== Task prompt ==
Repeat all of the data below word for word, keeping no images.

Short descriptive text snippets:
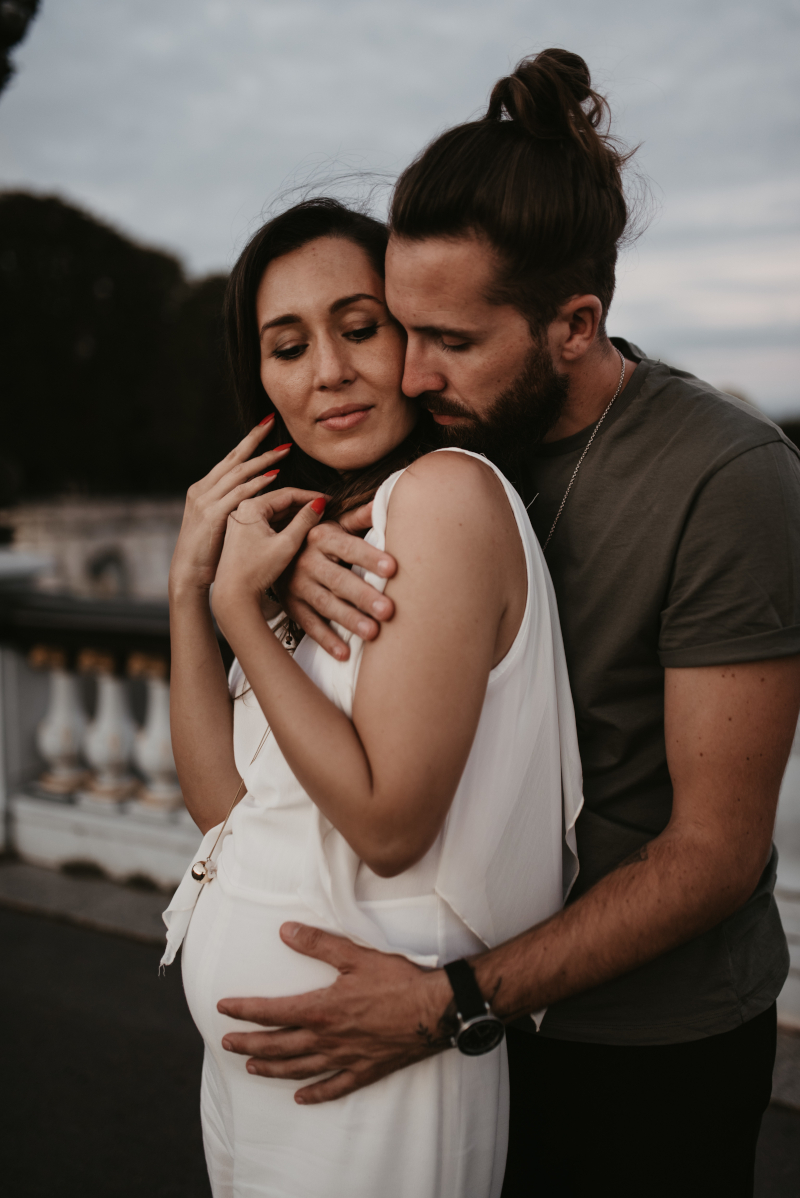 Imagem inserida no corpo do post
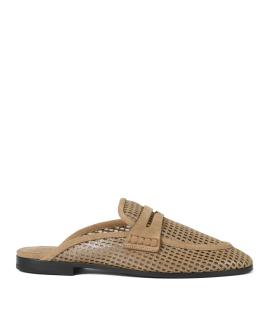 BRUNELLO CUCINELLI Мюли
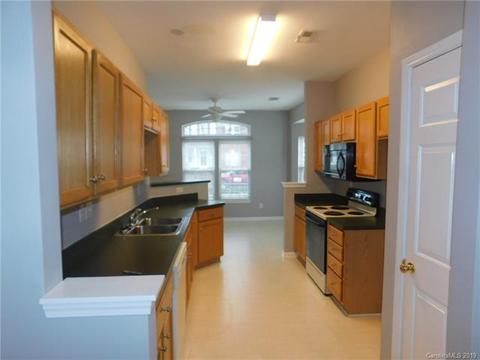 18645 Oakhurst Blvd, Cornelius, NC 28031 photo 14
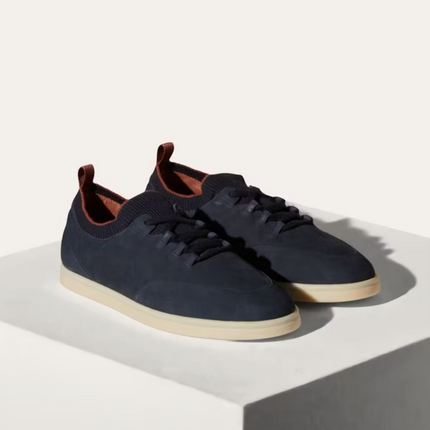 Collection image for: LORO PIANA SNEAKERS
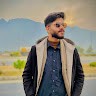 Adobe Work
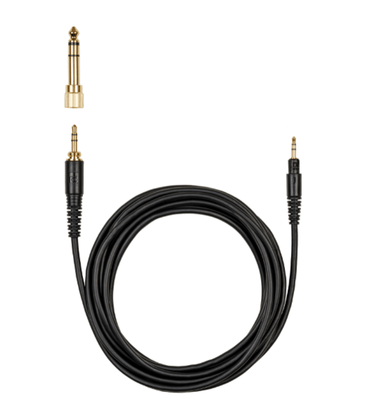 KLS150-Cable-ImageMap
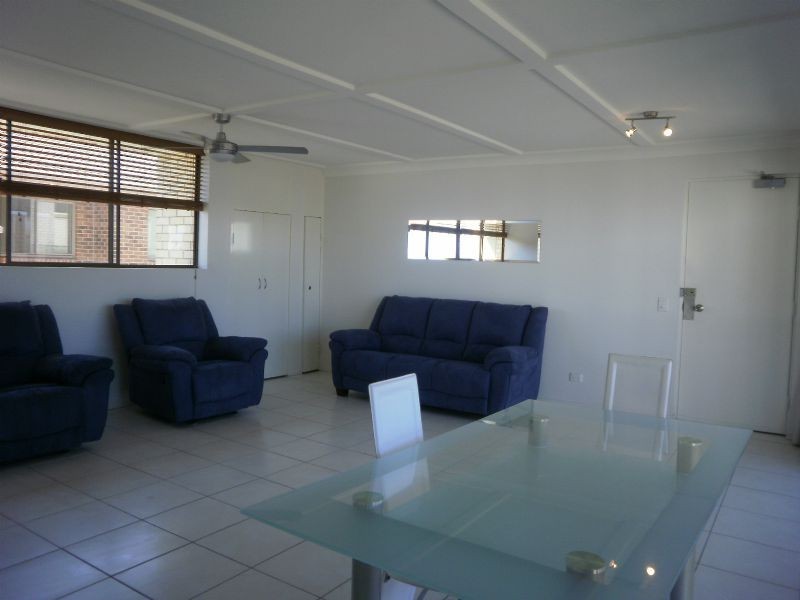 7/24 Moreton Parade, Kings Beach QLD 4551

== Result of this task ==
 Imagem inserida no corpo do post
 BRUNELLO CUCINELLI Мюли
 18645 Oakhurst Blvd, Cornelius, NC 28031 photo 14
 Collection image for: LORO PIANA SNEAKERS
 Adobe Work
 KLS150-Cable-ImageMap
 7/24 Moreton Parade, Kings Beach QLD 4551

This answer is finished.